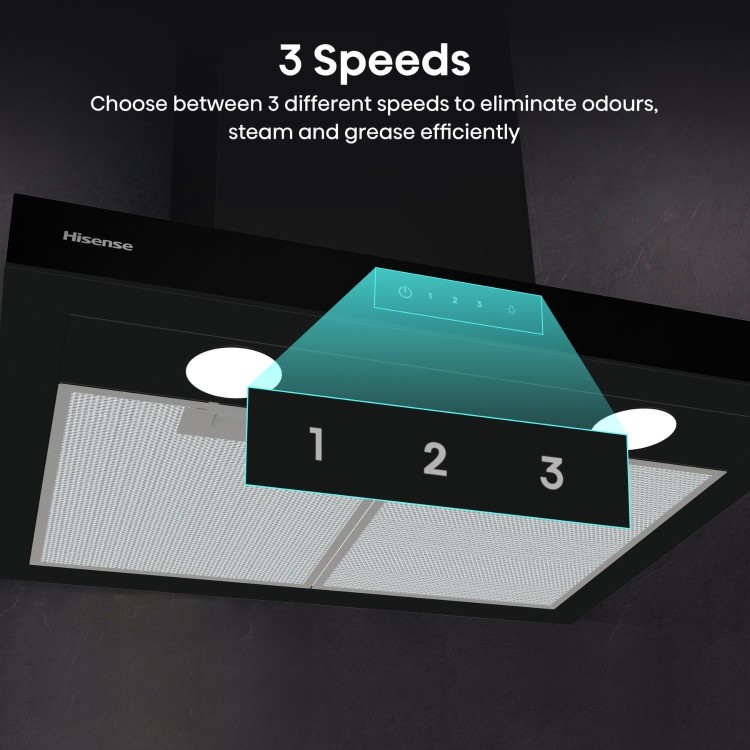 Hisense 60cm Chimney Cooker Hood - Black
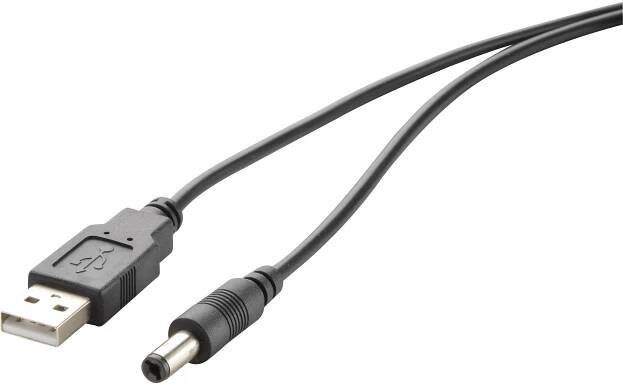 Renkforce Napájecí kabel USB USB 2.0 USB-A zástrčka, DC zástrčka 5,5 mm 1.00 m černá pozlacené kontakty RF-4079664 : Půhy.cz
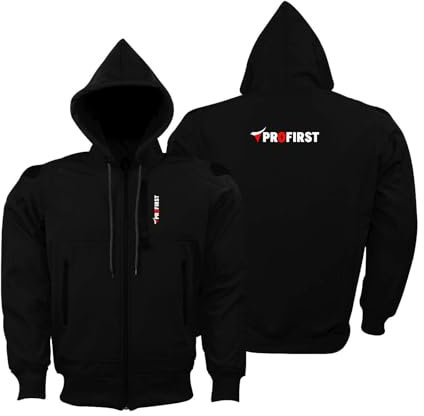 Inflori Motorbike Motorcycle Hoodie Protective Clothing Softshell Hoodie Jacket For Riders CE Armored With Extra Shell Protection At Shoulders (UK, Alpha, M, Regular, Regular, Black)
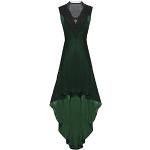Robes en dentelle vintage vertes en velours sans manches Taille L plus size look médiéval pour femme 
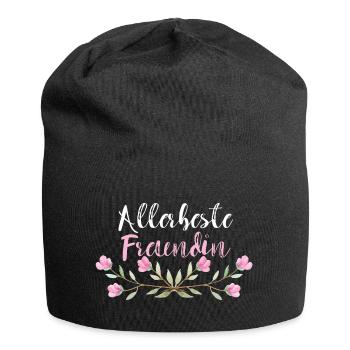 Girlfriend girlfriends best best partner shirt - Jersey Beanie - black - Front
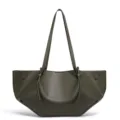 Detail view of dark green PU leather tote bag with unique folded wing design and shoulder straps. - 45CM*10CM*22.5CM / Green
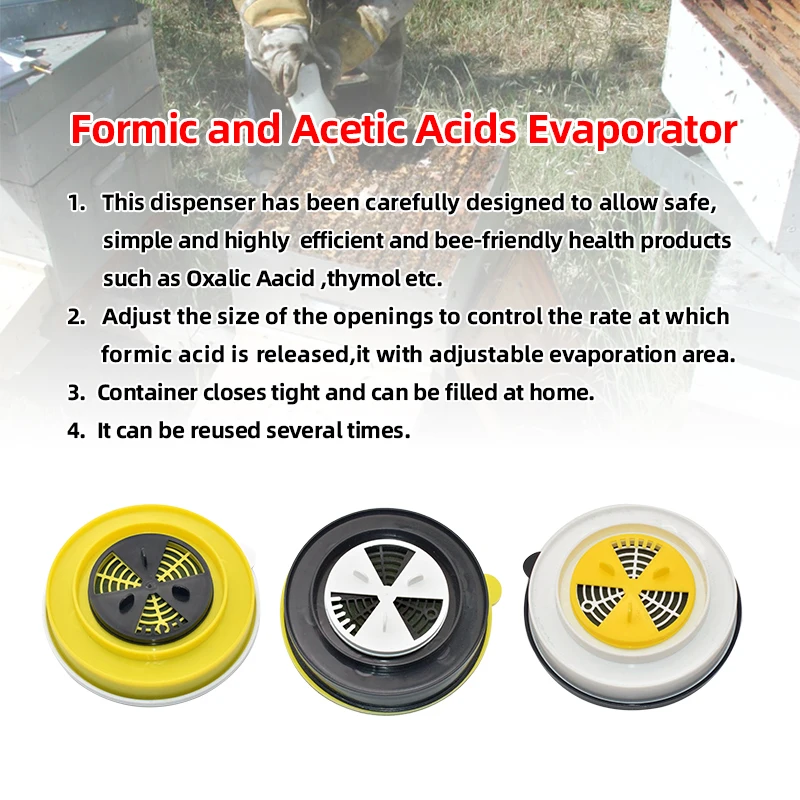 Round Adjustable Formic and Acetic Acid Dispenser Formic Acid Evaporator for Beehive Mite Killing Beekeeping Tool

· · · · · · ·

Work item: Set down every line of the entries above again, exactly as written, but not the pictures.

Output below:
 Hisense 60cm Chimney Cooker Hood - Black
 Renkforce Napájecí kabel USB USB 2.0 USB-A zástrčka, DC zástrčka 5,5 mm 1.00 m černá pozlacené kontakty RF-4079664 : Půhy.cz
 Inflori Motorbike Motorcycle Hoodie Protective Clothing Softshell Hoodie Jacket For Riders CE Armored With Extra Shell Protection At Shoulders (UK, Alpha, M, Regular, Regular, Black)
Robes en dentelle vintage vertes en velours sans manches Taille L plus size look médiéval pour femme 
 Girlfriend girlfriends best best partner shirt - Jersey Beanie - black - Front
 Detail view of dark green PU leather tote bag with unique folded wing design and shoulder straps. - 45CM*10CM*22.5CM / Green
 Round Adjustable Formic and Acetic Acid Dispenser Formic Acid Evaporator for Beehive Mite Killing Beekeeping Tool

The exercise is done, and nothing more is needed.